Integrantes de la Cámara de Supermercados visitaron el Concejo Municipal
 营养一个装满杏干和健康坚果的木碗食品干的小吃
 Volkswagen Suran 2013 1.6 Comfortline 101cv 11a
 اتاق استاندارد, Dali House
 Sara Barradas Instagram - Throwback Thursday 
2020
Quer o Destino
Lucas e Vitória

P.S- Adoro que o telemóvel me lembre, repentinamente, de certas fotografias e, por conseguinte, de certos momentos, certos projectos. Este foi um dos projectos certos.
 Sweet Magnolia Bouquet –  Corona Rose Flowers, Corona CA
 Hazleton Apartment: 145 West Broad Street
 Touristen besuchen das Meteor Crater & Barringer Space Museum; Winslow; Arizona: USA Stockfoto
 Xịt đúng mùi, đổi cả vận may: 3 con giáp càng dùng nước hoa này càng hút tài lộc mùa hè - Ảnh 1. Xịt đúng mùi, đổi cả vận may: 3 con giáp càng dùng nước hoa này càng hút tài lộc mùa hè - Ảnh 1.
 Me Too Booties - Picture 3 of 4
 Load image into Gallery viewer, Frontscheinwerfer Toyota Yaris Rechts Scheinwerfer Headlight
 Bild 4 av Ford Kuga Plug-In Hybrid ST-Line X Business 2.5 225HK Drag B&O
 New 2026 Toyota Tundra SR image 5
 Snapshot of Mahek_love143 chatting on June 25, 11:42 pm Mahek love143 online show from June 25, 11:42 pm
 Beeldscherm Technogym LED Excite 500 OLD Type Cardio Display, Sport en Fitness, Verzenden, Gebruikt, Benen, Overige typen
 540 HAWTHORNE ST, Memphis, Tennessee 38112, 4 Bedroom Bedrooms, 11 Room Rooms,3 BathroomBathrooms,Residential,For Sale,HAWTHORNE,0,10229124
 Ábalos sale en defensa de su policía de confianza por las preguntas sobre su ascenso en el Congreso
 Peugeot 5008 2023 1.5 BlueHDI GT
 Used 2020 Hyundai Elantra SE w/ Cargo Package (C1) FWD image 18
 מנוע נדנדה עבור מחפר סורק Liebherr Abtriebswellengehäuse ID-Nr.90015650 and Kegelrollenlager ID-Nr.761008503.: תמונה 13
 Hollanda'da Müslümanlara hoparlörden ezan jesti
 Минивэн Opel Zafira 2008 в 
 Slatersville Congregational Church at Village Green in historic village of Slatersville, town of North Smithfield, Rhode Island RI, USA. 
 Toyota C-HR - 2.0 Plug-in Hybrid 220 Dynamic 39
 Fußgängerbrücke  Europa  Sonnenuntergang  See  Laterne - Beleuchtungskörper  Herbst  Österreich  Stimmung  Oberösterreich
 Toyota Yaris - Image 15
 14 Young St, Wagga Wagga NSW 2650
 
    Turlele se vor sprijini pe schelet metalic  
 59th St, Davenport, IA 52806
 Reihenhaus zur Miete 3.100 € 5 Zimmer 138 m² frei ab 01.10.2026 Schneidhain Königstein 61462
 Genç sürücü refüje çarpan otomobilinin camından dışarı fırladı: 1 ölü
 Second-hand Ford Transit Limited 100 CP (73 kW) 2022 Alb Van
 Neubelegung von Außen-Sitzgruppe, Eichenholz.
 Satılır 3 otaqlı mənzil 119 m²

|---|

Exercise goal: Of the entries listed above, reproduce only the lines starting at the line containing "Hazleton Apartment: 145 West Broad Street" and ending at the line containing "New 2026 Toyota Tundra SR image 5". Include both, exactly as they stand.

Written solution:
 Hazleton Apartment: 145 West Broad Street
 Touristen besuchen das Meteor Crater & Barringer Space Museum; Winslow; Arizona: USA Stockfoto
 Xịt đúng mùi, đổi cả vận may: 3 con giáp càng dùng nước hoa này càng hút tài lộc mùa hè - Ảnh 1. Xịt đúng mùi, đổi cả vận may: 3 con giáp càng dùng nước hoa này càng hút tài lộc mùa hè - Ảnh 1.
 Me Too Booties - Picture 3 of 4
 Load image into Gallery viewer, Frontscheinwerfer Toyota Yaris Rechts Scheinwerfer Headlight
 Bild 4 av Ford Kuga Plug-In Hybrid ST-Line X Business 2.5 225HK Drag B&O
 New 2026 Toyota Tundra SR image 5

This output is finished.